##### DATA #####

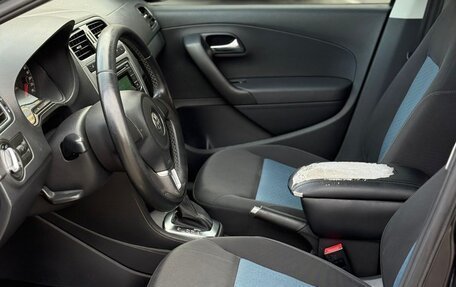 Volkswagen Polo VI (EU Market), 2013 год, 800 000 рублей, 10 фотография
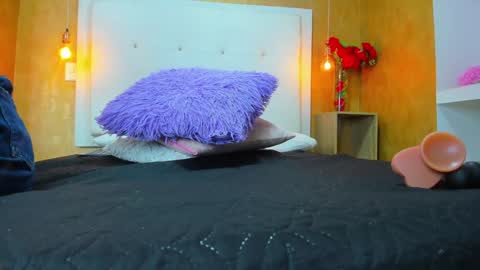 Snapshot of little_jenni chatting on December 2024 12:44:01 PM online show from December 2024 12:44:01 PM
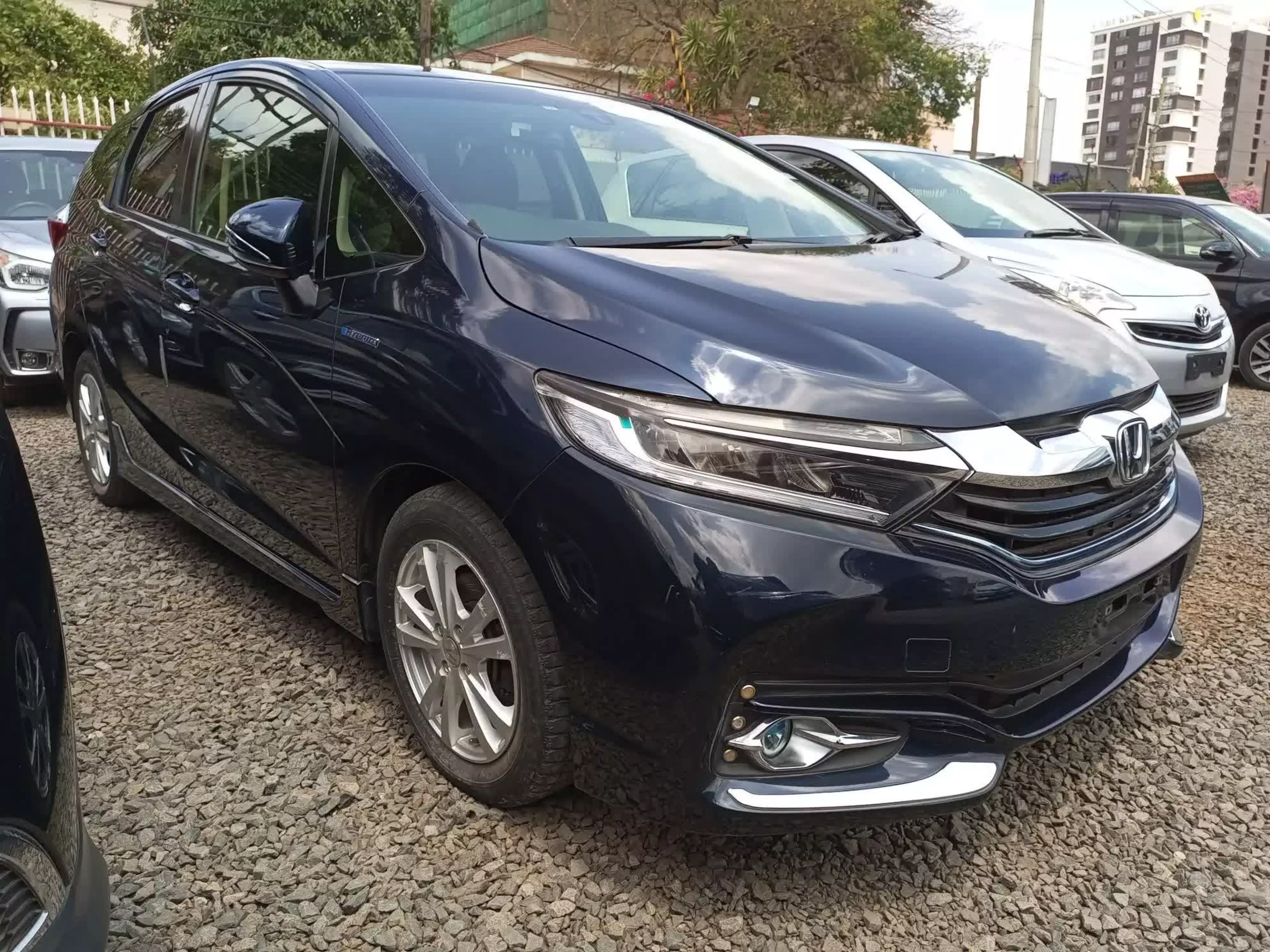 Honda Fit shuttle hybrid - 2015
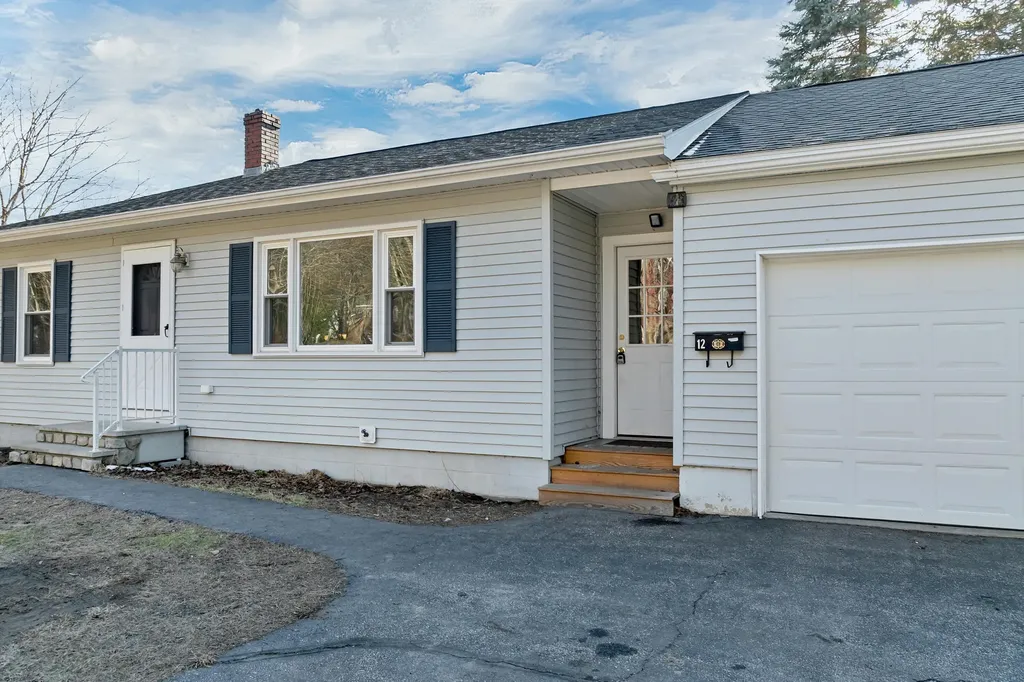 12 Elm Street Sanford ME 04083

#####
##### DATA #####

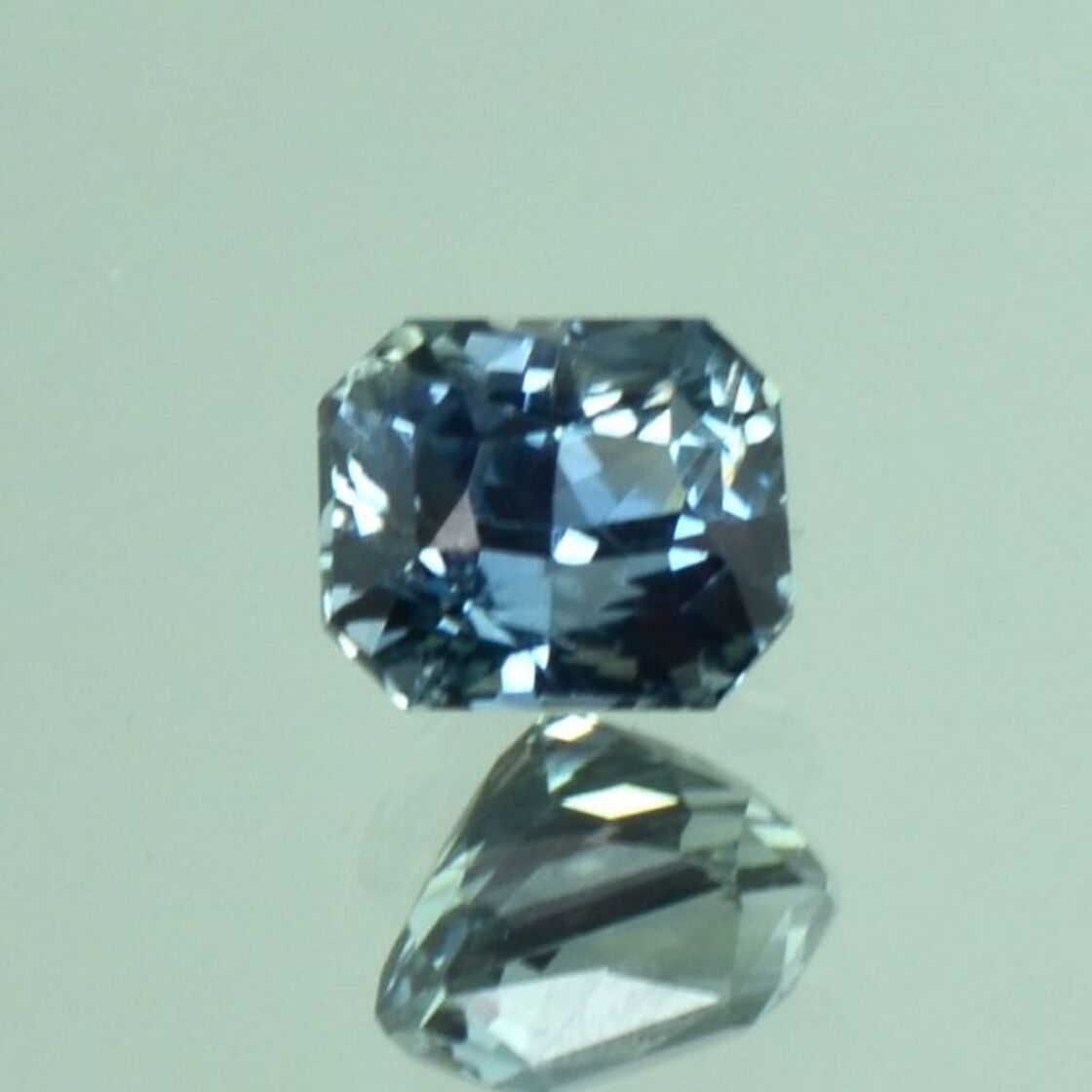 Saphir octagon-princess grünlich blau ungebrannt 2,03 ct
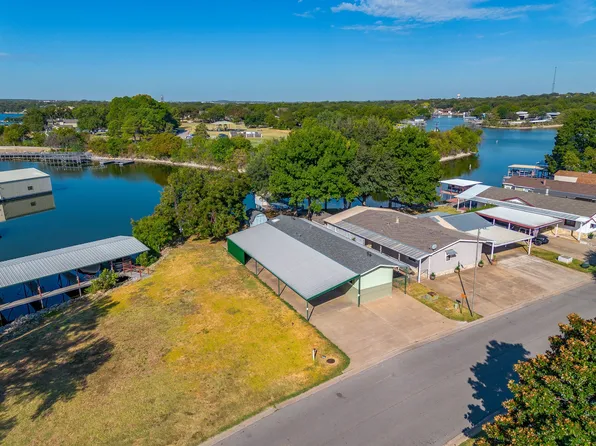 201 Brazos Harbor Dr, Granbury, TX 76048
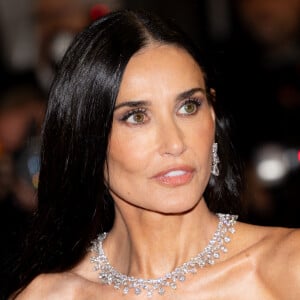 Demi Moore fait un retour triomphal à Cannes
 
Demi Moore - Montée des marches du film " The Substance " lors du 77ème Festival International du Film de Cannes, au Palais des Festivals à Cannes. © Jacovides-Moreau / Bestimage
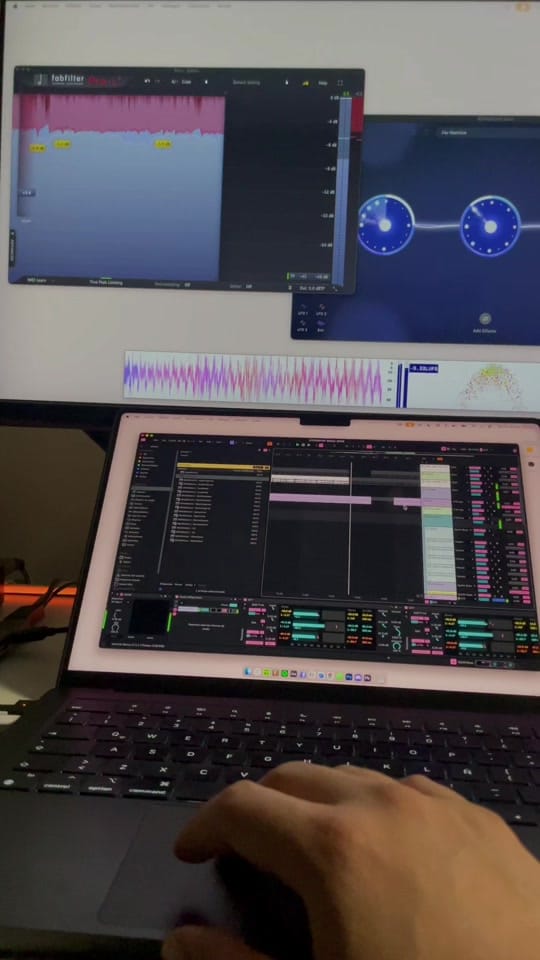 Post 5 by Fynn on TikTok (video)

#####
##### DATA #####

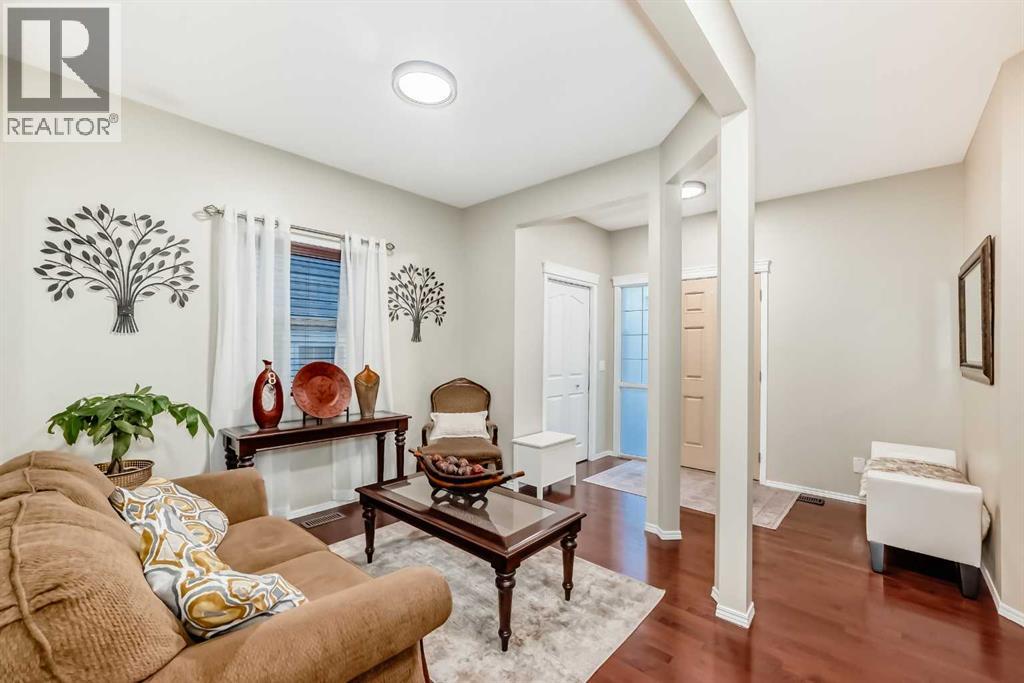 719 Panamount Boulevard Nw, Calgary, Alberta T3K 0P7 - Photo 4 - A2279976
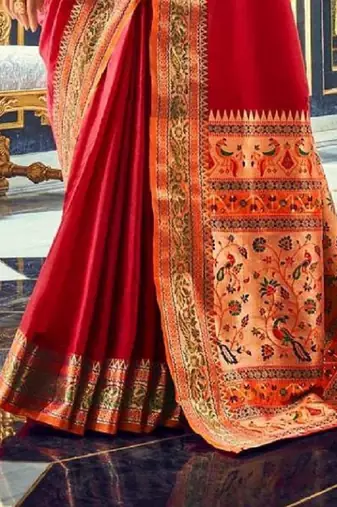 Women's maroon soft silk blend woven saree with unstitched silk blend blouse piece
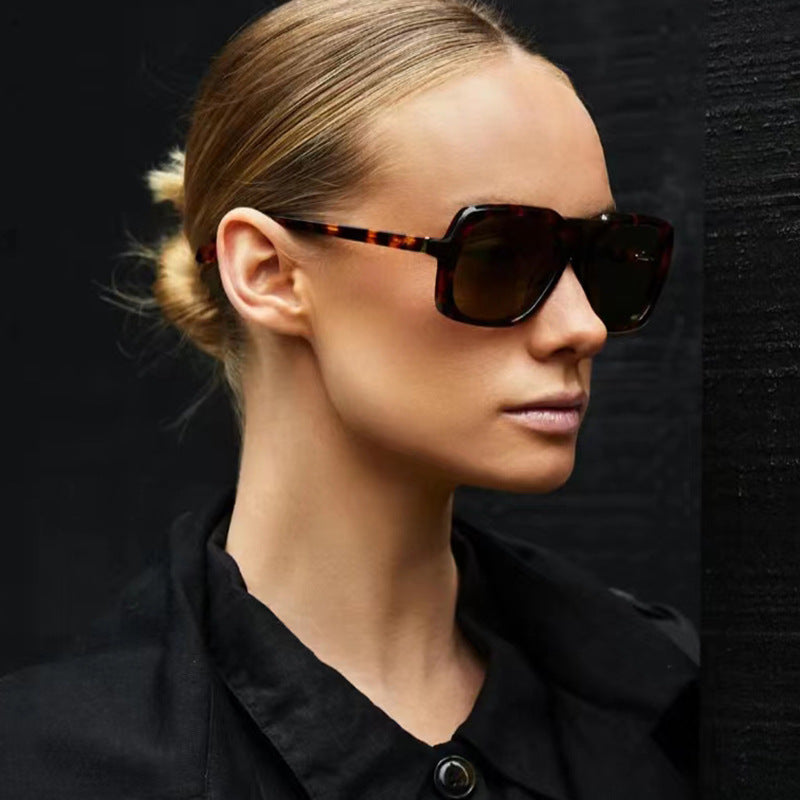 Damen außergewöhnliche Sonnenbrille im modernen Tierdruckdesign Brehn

#####

HOW TO COMPLETE THIS TASK | For the data above, set down exactly the lines from the line with "Women's maroon soft" to the line with "Damen außergewöhnliche Sonnenbrille", both included, leaving pictures out.

FINISHED EXERCISE |
 Women's maroon soft silk blend woven saree with unstitched silk blend blouse piece
 Damen außergewöhnliche Sonnenbrille im modernen Tierdruckdesign Brehn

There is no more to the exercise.